Abstract: Generative models have emerged as an essential building block for many image synthesis and editing tasks. Recent advances in this field have also enabled high-quality 3D or video content to be generated that exhibits either multi-view or temporal consistency. With our work, we explore 4D generative adversarial networks (GANs) that learn unconditional generation of 3D-aware videos. By combining neural implicit representations with time-aware discriminator, we develop a GAN framework that synthesizes 3D video supervised only with monocular videos. We show that our method learns a rich embedding of decomposable 3D structures and motions that enables new visual effects of spatio-temporal renderings while producing imagery with quality comparable to that of existing 3D or video GANs.

Requirements

The codebase is tested on

  • Python 3.7
  • PyTorch 1.7.1
  • 4 NVIDIA GPUs (Tesla V100 32GB) with CUDA version 11.0

For additional python libraries, please install by:

pip install -r requirements.txt

Please refer to https://github.com/NVlabs/stylegan2-ada-pytorch for additional software/hardware requirements.

Dataset

Datasets have to be in a subdirectory, as the dataset class is setup for different splits / classes, e.g., position the videos as /path/to/dataset/subdirectory/{video_0...video_x}/{img_0...img_y}.png. Then specify /path/to/dataset as the dataset path Datasets can be downloaded here:

We resize FaceForensics and MEAD to the 256x256 resolution and TaiChi to the 128x128 resolution.

Pre-trained Checkpoints

You can download the pre-trained checkpoints used in our paper:

DatasetResolutionDownload
FaceForensics256Google Drive
FaceForensics (pre-trained on FFHQ)256Google Drive
MEAD256Google Drive
TaiChi128Google Drive

Train a new model

python run_train.py outdir=/path/to/experiment_output data=/path/to/dataset cache_metrics_dir=/path/to/experiment_output/metrics_cache spec=paper model=stylenerf_faceforensics resolution=256
  • Specify cache_metrics_dir in a cache directory, where the FVD calculations will be done
  • Change resolution to e.g. 128 for our TaiChi experiment
  • Set model=stylenerf_faceforensics to one out of {stylenerf_faceforensics,stylenerf_taichi,stylenerf_mead,stylenerf_sky} depending on the dataset
  • Add resume=/path/to/pkl to resume from a checkpoint
  • Add spec.ref_gpus=4 spec.mb=32 spec.mbstd=8 to change number of GPUs, total batch size, and batch size per GPU

Please check configuration files at conf/model and conf/spec. You can always add your own model config. More details on how to use hydra configuration please follow https://hydra.cc/docs/intro/.
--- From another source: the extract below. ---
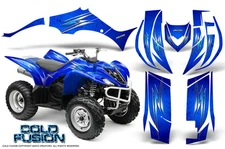 YAMAHA WOLVERINE 2006-2012 GRAPHICS KIT CREATORX COLD FUSION BLUE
Render videos with a pre-trained model

python generate.py --outdir /path/to/output --truncation_psi 1.0 --seeds 0 --network_pkl /path/to/network.pkl --render_program rotation_camera_yaw --time_steps 16 --n_steps 16
  • Change --render_program rotation_camera_yaw to any of the other rendering programs {rotation_camera_yaw,rotation_camera_yaw_pitch,front,front_zoom}
  • Change --seeds 0 to any other integer to render a content code with a different seed
  • Add --motion_seeds 0 or any other integer to render a content code with different motion codes

Or use visualize.sh to generate videos from 10 (or more) different seeds for all rendering programs directly.

Evaluate model

Use evaluate.sh to evaluate a trained model for the FVD metric.

License

Our main code is based on the StyleNeRF and DIGAN repositories, while our evaluation code follows the StyleGAN-V implementation. Hence, the majority of our code is licensed under CC-BY-NC, however, portions of this project are available under a separate license terms: all codes used or modified from stylegan2-ada-pytorch are under the Nvidia Source Code License.